Prof Christopher Girtanner FRSE (1760–1800) was a short-lived but influential Swiss author, physician and chemist. He was also Privy Councillor to the Duke of Saxe-Coburg.

==Life==
He was born in St. Gallen in Switzerland on 7 December 1760, the son of Hieronymus Girtanner, a banker and his wife, Barbara Felicitas. He studied variously at St. Gallen, Lausanne, Paris, Edinburgh and London. He received his doctorate (MD) from the University of Göttingen in 1782.

He spent some years in the United Kingdom, and apparently owned a "salt manufactory near Edinburgh" (presumably at Joppa) in 1789. In 1790, he was elected a Fellow of the Royal Society of Edinburgh. His proposers were Daniel Rutherford, Andrew Duncan and John Playfair.
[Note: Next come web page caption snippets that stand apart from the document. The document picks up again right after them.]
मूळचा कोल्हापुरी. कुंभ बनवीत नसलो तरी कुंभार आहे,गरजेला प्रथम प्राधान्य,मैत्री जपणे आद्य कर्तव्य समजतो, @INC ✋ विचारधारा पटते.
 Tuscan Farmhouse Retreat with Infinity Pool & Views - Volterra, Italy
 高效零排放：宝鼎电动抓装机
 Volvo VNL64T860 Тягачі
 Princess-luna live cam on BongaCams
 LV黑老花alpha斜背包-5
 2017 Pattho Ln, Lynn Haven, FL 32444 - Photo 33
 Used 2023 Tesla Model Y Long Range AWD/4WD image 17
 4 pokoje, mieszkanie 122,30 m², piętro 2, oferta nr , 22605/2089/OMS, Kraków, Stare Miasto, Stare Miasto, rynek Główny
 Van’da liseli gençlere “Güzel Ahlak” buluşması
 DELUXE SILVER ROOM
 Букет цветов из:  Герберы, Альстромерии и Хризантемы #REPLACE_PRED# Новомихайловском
In 1796, he analysed the appearance of syphilis into Europe in the late-fifteenth century. The ongoing debate of his day was as to whether the disease appeared spontaneously in Europe or was brought by the discovery of the Americas.

He died in Göttingen, in what is now part of modern-day Germany on 17 May 1800.

==Family==

In 1790 he married Catherina Maria Erdmann.

==Publications==

- Historical Information and Political Remarks concerning the French Revolution, 7 volumes (1792–94)
- The Antiquity of Syphilis (1796)
- Observations on the Nature and Cure of Calculus, Sea Scurvy etc. (1797)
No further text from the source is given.